The average mileage of a car on business contract hire over a typical three-year period is down to 49,680, significantly below the long-standing industry benchmark of 60,000, newly published data suggests.
With employees commuting less frequently as they blend working from home with visits to their workplaces and clients, the average mileage terms of new business contract hire has fallen even further to 45,887 miles.
It is a different story for vans, however, which have seen average mileages rise due to the sustained demand for home deliveries and mobile services.
The average mileage of light commercial vehicle (LCV) contracts has risen from 68,123 miles to 73,859 miles in the past quarter, although this is still below the average for the existing LCV fleet of 80,607 miles.

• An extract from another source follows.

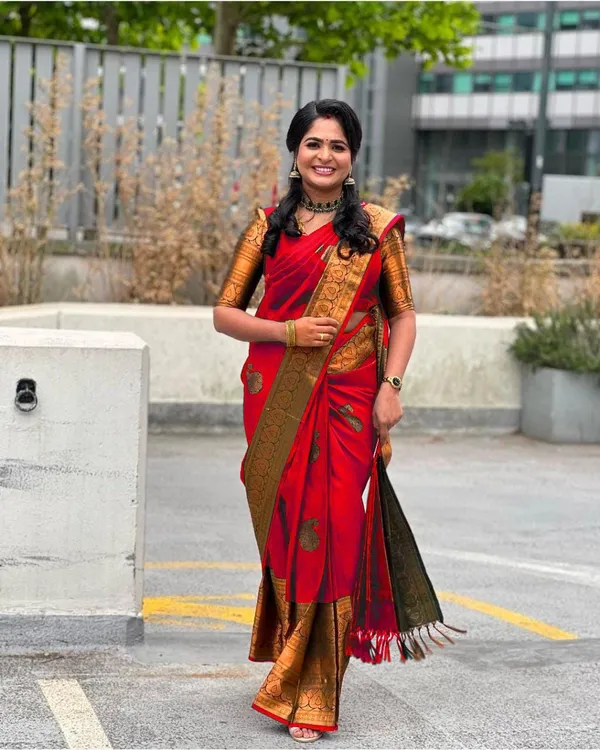 Red_Soft_jequard__Weaving_Silk_Saree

The figures from the latest Leasing Outlook report, published by the British Vehicle Rental and Leasing Association (BVRLA), also show that LCVs are driving the growth of the trade association’s leasing fleet.
The report shows that the overall leasing fleet has grown 1.9% year on year, with vans up 7.7% over the same period.

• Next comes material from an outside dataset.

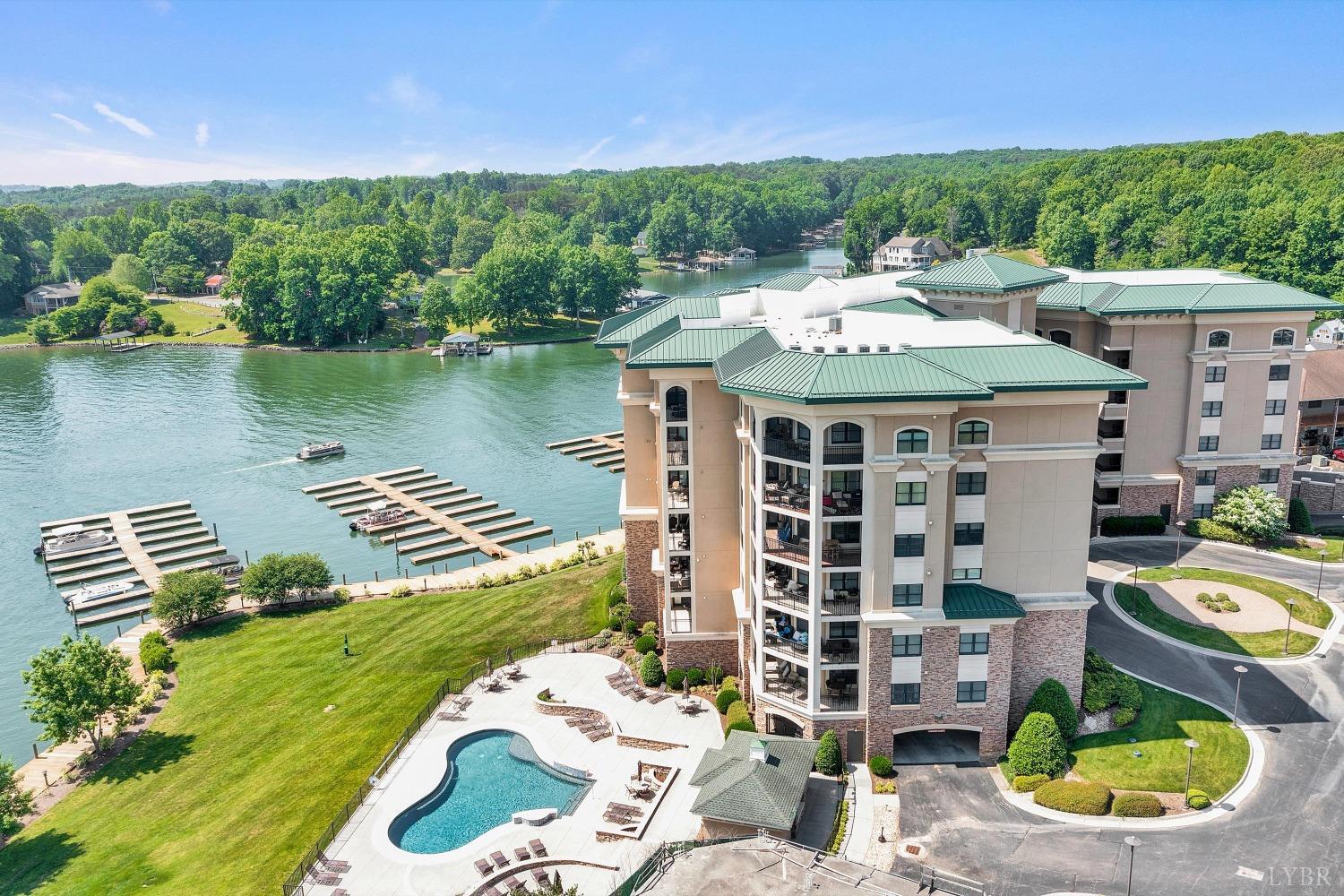 100 Bridgewater Pointe Place #201, Moneta, Virginia image 1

Growth, says the BVRLA, was achieved in the face of the challenging market conditions and economic headwinds that beset the industry through 2022.
Contributors to the report cited long vehicle delivery lead times, rising prices, and interest rate increases as the key factors that continue to shape the market.
Those challenges have not halted the sector’s move to zero emission vehicles, however, with 33% of new car additions in Q3 2022 being battery electric vehicles (BEVs).
Plug-in hybrids accounted for 14% of additions and diesel just 8%.
The increase in zero emission vehicles is in part due to salary sacrifice, where 94% of new additions were plug-ins. That proportion is expected to grow further due to the low benefit-in-kind (BIK) tax rates announced in November 2022.
The continued move towards plug ins has seen the average emissions of the BVRLA’s leasing fleet fall to 83.3g/km, a 29% reduction since 2019.
Latest projections reported by the BVRLA anticipate vehicle supply returning to pre-pandemic levels in 2024, with members adapting their business models to respond in the meantime.
BVRLA chief executive, Gerry Keaney, said: “Vehicle supply remains the number one issue. The lack of price protection from vehicle manufacturers is being compounded by delivery times extending.
“Leasing companies are often unable to give their customers accurate costs before tyres have hit tarmac.”
He added: “To see the leasing fleet grow against such a difficult backdrop shows how well the sector is adapting.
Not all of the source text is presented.